The policy regarding detainers, which is the law of the United States, was enforced by the Bush administration as being mandatory. The Obama administration has converted that into something voluntary. And in doing so, they have eliminated a program that was working called Secure Communities, where individuals like this would be detained and would be turned over to the immigration service.

Now, in addition to that, this administration is releasing criminals back onto the streets themselves. So there’s fault to be borne by both.

Goodlatte also questioned ICE’s lack of wisdom in releasing Sanchez to San Francisco officials, noting that federal officials knew that it was one of roughly 140 Sanctuary Cities across the country that prohibit spending funds to cooperate with federal immigration law. “Why did they ever turn him over to [San Francisco] when they could have deported him?” Goodlatte asked.
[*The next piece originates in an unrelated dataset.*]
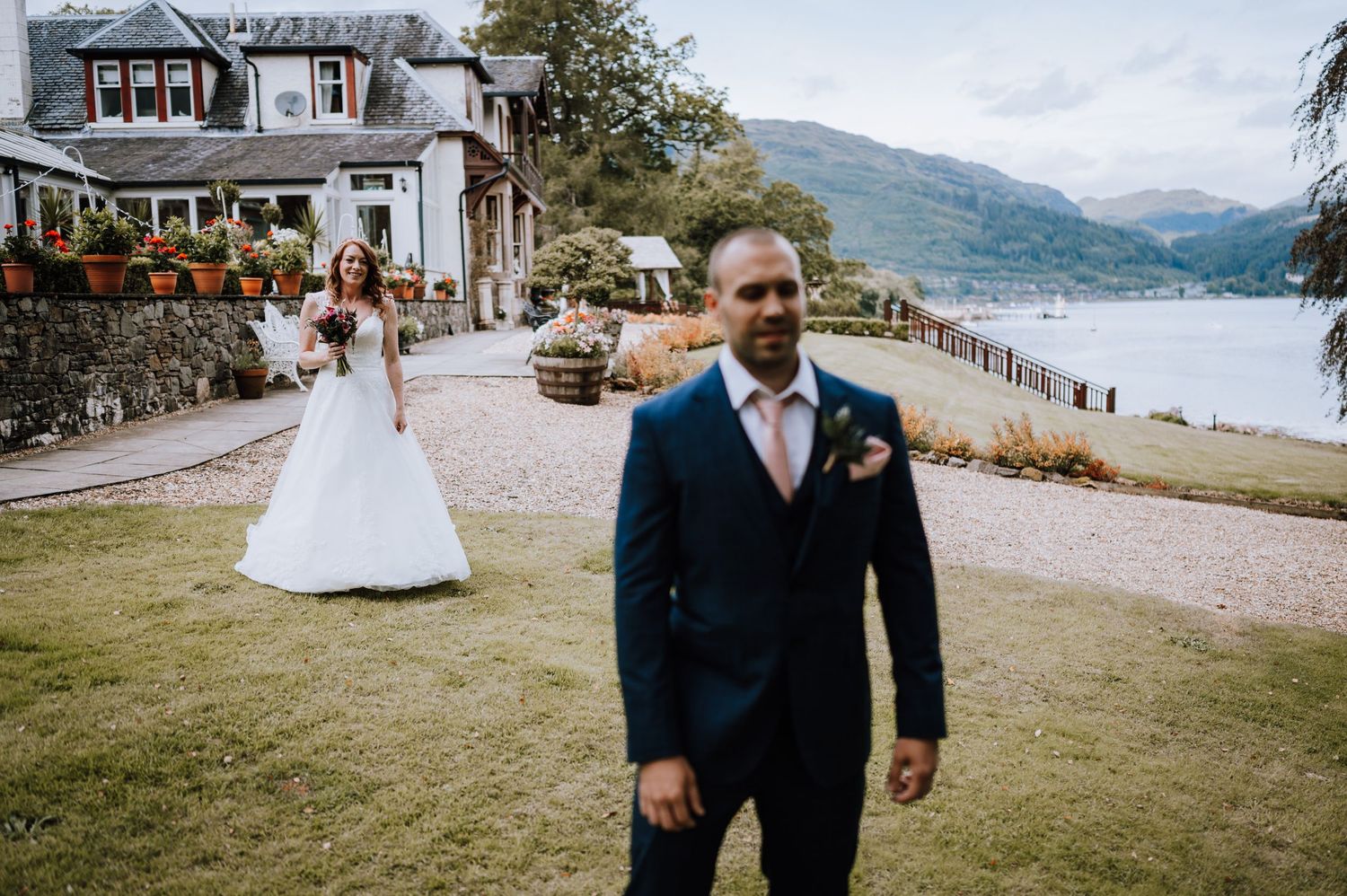 Bride and groom pose on lawn near lake and building with mountain backdrop.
AP reported that San Francisco Sheriff Ross Mirkarimi defended his office’s release of Sanchez and focused responsibility for the tragic shooting on U.S. Immigration and Customs Enforcement (ICE). Mirkarimi asserted that ICE should have issued an arrest warrant for Sanchez. “ICE knew that he had been deported five times,” Mirkarimi said. “You would have thought he met a threshold that he required a court order or a warrant. They did not do that.”

But Jessica Vaughan, director of policy studies at the Washington-based Center for Immigration Studies, a group that has long advocated stricter enforcement of our nation’s immigration laws, sees things differently. “Most of the blame should fall squarely on the shoulders of the San Francisco sheriff, because his department had custody of him and made the choice to let him go without notifying ICE,” said Vaughan.

The Washington Times reported that the San Francisco board of supervisors approved an ordinance in September 2013 that prohibited local law enforcement from complying with ICE detainers unless the person in custody has a conviction for a violent crime such as murder, sexual assault, trafficking, or assault with a deadly weapon.

Even the ACLU of Northern California, an organization that normally supports very liberal policies toward illegal aliens, questioned the San Francisco Sheriff’s Department decision to release Sanchez, calling it a “tragic anomaly.” “It is still unclear why the federal government turned over someone who is known to be deportable to the city of San Francisco, knowing that San Francisco is one of the oldest sanctuary cities in the country,” the ACLU-NC said.

While the tragic killing of Kathryn Steinle has received international attention, it is by no means unique. The conditions that led to it are indicative of the Obama Immigration’s continued loose immigration enforcement policies.

We noted in an article last month that the Obama administration, under ICE’s Intensive Supervision Appearance Program, (ISAP) has released many aliens — some of whom are at risk of committing criminal acts — from detention into U.S. communities.

In that article, we quoted from a statement Goodlatte directed at ICE Director Sarah Saladña during an oversight hearing on U.S. Immigration and Customs Enforcement conducted by his committee on April 14. He noted during that hearing:

We just learned that in addition to releasing over 36,000 convicted criminal aliens in FY 2013, ICE released 30,558 convicted criminal aliens in FY 2014 pursuant to its so-called “priorities.” 

Director, ICE’s first duty and highest obligation is public safety. The nonsensical actions of this Administration demonstrate its lack of desire to enforce the law even against unlawful aliens convicted of serious crimes.

We observed in an earlier article last October that there were nearly 167,000 convicted criminal aliens with final orders of removal who are still in the United States and “currently at large” and that under the Obama administration’s lax deportation policy deportations from the interior of the United States were 34 percent lower than the previous year.

When senseless tragedies such as the killing of Kathryn Steinle occur, there is a lot of finger pointing, and it may be natural for officials to blame agencies other than their own. And there is certainly sufficient blame to go around. However, the Obama administration’s policy of releasing thousands of illegal aliens with criminal records into our population certainly constitutes a major contributing factor in such crimes.